II. La liberté de manifester ses convictions et la liberté de réunion reconnues au (toujours dynamique) retraité.

L’ancien agent de la SNCF ayant participé au rassemblement organisé le 18 juin 2018 en gare de Grenoble a fait annuler la suspension de ses facilités de circulation pour une durée d’un an.

La Cour d’appel a confirmé le jugement prud’homal en ce qu’il a annulé la mesure de suspension des facilités de circulation du retraité toujours dynamique de la SNCF.

Les juges d’appel ont relevé que l’organisation syndicale organisatrice n’avait pas limité la participation au rassemblement du 18 juin 2018 aux seuls salariés des entreprises concernées et que, dès lors, la société SNCF Voyageurs ne pouvait empêcher d’exercer sa liberté de manifester ses convictions et sa liberté de réunion pacifique.

La liberté de manifester ses convictions est garantie par l’article 9 de la convention européenne de sauvegarde des droits de l’homme et des libertés fondamentales. La liberté de réunion pacifique est affirmée par l’article 11 de cette même convention.

Les seconds alinéas des articles 9 et 11 précisent que l’exercice de ces libertés ne peuvent faire l’objet d’autres restrictions que celles qui, prévues par la loi, constituent des mesures nécessaires dans une société démocratique, à la défense de l’ordre, de la santé ou de la morale, ou à la protection des droits et libertés d’autrui.

La société SNCF Voyageurs entendait remettre en cause l’exercice par l’agent retraité de ses libertés de manifester ses opinions et de participer à une réunion pacifique en se fondant sur la « RH00246 facilités de circulation des pensionnés retraités sur le réseau SNCF » et notamment sur les dispositions de cette circulaire interne relatives aux « principes de comportement ». Celles-ci soumettent l’octroi des facilités de circulation du retraité de la SNCF à l’observation, pendant les voyages, d’un « devoir de réserve et de discrétion vis-à-vis des salariés en service et des autres passagers ». Il s’agit de « voyager en règle, de ne pas gêner ou choquer les autres passagers et de ne pas alimenter de différend avec le salarié chargé du contrôle ».

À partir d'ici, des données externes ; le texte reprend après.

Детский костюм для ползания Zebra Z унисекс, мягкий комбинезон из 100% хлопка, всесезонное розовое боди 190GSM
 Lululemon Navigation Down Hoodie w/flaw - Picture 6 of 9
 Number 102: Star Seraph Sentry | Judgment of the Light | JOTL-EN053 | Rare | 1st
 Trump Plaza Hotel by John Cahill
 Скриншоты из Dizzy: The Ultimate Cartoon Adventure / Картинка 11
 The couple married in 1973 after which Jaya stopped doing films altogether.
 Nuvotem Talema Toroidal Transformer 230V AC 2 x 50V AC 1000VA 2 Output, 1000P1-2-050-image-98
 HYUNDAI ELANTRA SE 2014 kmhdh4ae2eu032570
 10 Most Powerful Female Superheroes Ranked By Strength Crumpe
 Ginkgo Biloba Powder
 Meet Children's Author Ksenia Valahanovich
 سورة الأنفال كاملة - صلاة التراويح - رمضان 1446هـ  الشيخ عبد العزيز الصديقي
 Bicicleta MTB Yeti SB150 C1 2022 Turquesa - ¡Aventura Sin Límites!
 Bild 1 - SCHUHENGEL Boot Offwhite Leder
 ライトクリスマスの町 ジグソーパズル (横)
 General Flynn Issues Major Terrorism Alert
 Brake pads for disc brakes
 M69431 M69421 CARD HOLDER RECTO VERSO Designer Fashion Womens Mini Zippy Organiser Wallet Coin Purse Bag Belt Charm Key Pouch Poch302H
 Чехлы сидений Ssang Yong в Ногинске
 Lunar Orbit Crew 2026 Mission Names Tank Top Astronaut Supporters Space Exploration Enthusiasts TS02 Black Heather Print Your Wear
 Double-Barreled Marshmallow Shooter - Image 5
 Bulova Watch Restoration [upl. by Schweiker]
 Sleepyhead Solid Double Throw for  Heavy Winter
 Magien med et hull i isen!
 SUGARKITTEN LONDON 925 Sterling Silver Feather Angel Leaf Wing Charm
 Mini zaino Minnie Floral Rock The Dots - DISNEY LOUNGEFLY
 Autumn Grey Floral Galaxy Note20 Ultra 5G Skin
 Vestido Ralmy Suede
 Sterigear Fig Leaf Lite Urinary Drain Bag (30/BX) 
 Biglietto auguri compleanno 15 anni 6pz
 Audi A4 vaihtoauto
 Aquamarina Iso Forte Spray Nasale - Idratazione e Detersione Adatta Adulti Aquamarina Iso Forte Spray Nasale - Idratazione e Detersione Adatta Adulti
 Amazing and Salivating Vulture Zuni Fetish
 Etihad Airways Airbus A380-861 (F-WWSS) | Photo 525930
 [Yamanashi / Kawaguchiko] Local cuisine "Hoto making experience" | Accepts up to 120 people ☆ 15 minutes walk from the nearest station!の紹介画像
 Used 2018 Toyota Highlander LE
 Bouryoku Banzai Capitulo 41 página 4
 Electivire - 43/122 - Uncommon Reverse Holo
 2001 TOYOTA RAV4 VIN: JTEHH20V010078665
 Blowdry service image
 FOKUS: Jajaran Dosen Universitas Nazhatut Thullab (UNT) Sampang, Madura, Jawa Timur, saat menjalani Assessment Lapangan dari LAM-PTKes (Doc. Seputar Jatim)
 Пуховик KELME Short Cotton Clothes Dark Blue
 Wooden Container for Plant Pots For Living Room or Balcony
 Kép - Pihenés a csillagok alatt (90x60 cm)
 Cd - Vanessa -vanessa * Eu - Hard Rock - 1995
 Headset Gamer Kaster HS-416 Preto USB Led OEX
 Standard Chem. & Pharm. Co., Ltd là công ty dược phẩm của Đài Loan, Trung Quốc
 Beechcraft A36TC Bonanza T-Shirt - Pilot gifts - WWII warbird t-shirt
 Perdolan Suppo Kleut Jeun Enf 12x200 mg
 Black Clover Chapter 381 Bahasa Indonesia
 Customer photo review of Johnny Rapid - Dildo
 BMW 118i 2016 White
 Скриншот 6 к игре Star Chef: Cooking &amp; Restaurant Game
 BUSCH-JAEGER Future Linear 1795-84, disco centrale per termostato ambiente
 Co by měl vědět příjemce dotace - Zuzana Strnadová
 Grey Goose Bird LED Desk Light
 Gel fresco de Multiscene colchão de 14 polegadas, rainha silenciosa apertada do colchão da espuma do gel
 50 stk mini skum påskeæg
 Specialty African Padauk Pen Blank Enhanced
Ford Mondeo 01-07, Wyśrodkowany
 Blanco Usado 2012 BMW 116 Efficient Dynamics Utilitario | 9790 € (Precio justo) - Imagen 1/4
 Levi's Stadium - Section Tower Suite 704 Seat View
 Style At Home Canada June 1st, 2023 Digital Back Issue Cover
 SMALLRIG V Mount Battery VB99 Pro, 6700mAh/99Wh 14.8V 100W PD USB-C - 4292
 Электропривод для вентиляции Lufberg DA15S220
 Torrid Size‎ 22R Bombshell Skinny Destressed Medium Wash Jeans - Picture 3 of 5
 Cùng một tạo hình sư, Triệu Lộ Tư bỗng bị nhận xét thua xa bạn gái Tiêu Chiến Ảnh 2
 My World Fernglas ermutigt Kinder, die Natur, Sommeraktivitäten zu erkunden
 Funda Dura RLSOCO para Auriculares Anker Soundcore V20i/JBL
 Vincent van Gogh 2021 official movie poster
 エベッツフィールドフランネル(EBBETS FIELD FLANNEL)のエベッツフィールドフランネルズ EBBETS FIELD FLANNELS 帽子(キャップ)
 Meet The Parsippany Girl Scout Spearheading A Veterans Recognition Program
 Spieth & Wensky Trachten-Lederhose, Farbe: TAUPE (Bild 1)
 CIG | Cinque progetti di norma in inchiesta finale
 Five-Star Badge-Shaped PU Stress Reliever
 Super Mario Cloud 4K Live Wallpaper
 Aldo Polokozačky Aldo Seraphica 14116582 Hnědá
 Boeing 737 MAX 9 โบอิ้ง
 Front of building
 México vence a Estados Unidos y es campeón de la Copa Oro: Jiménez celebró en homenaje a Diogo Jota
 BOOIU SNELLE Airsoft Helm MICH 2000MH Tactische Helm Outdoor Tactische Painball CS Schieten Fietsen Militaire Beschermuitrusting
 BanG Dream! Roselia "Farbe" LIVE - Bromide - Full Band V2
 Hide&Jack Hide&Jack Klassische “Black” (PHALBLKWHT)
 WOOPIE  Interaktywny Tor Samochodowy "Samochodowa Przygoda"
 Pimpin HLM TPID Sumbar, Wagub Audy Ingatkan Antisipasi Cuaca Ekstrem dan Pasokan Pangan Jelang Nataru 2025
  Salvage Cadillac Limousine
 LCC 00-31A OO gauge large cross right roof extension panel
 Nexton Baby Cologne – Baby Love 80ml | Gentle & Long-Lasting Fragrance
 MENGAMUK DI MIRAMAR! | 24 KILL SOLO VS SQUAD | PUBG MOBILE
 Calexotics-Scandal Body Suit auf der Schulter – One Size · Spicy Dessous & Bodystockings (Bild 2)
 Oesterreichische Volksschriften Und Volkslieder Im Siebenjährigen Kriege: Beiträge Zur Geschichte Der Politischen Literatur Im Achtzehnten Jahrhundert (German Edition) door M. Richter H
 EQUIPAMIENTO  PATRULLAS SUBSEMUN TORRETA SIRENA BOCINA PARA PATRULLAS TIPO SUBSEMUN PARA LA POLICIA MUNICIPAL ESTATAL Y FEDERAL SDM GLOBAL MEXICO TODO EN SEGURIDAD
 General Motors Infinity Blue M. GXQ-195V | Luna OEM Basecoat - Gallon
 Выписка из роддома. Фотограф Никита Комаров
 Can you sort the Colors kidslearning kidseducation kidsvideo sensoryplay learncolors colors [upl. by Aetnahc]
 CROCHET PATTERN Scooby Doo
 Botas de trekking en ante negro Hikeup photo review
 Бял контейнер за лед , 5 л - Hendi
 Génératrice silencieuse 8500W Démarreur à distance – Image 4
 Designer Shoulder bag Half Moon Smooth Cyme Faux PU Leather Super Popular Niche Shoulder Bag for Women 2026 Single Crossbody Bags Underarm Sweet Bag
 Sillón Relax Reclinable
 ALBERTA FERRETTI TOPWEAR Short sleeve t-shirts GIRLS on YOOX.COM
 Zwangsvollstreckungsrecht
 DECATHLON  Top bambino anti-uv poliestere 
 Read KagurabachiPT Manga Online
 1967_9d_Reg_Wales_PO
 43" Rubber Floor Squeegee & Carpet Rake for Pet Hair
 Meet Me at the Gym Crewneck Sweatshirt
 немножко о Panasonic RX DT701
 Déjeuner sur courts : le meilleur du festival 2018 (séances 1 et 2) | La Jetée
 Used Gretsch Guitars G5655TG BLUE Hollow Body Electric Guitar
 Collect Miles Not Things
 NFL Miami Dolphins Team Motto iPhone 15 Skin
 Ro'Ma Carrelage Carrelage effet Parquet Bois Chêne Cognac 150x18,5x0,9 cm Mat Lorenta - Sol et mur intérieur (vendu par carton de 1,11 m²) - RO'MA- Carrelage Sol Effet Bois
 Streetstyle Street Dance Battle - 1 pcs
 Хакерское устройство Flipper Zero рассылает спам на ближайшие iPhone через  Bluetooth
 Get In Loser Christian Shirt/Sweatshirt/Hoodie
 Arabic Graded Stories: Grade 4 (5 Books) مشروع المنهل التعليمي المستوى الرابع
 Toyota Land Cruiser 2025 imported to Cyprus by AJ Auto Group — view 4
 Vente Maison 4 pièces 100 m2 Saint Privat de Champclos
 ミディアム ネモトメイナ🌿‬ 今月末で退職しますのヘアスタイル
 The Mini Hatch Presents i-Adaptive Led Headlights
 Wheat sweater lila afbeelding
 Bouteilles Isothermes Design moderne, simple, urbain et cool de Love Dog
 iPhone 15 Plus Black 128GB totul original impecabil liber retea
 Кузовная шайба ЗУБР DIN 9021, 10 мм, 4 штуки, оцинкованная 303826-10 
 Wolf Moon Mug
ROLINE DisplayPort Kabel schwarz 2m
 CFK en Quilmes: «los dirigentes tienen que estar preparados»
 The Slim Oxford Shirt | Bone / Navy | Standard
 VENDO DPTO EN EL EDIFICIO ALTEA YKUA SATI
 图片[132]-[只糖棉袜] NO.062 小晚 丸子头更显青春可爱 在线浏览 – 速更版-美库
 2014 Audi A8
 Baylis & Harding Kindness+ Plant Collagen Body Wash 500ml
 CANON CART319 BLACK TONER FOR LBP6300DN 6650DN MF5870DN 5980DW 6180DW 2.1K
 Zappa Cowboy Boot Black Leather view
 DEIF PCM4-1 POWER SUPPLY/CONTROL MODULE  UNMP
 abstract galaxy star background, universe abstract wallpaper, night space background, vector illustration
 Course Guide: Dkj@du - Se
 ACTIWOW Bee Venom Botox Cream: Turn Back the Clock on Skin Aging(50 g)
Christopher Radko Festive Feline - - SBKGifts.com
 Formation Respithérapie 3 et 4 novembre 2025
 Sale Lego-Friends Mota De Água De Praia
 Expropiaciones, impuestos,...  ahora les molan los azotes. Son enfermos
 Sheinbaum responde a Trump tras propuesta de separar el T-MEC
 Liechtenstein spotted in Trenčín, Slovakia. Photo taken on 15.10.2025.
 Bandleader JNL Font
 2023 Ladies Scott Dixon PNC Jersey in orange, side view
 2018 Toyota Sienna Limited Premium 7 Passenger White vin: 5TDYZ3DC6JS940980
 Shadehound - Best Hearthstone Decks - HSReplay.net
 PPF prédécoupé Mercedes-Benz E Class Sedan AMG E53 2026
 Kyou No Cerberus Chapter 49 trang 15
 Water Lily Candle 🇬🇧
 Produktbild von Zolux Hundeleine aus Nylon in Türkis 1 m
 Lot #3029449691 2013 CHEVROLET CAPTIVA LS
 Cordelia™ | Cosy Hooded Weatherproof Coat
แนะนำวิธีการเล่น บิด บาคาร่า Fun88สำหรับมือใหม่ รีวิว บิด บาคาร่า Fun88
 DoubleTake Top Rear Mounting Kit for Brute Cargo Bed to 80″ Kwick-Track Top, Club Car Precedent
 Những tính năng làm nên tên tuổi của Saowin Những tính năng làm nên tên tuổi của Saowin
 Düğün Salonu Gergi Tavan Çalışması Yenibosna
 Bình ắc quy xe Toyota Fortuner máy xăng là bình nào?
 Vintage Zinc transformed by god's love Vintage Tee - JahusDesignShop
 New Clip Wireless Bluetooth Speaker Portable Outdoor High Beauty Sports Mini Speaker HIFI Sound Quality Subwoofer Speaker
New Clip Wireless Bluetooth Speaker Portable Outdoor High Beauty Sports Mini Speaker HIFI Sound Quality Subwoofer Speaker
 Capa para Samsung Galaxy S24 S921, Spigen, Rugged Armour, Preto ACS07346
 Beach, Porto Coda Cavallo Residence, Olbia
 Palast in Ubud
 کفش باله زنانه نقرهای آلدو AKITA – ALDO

La Cour d’appel n’a pu que relever qu’il était inopérant de la part de la SNCF de se prévaloir de ces règles de comportement à observer lors d’un voyage en train pour justifier une quelconque restriction à ces libertés fondamentales que sont la liberté de manifester ses opinions et celle de participer à une réunion pacifique.

Ne pouvant que constater la nullité de la mesure attentatoire à l’exercice de libertés fondamentales, la Cour d’appel de Grenoble a, en toute logique, confirmé l’annulation de la suspension d’un an des facilités de circulation du retraité de la SNCF.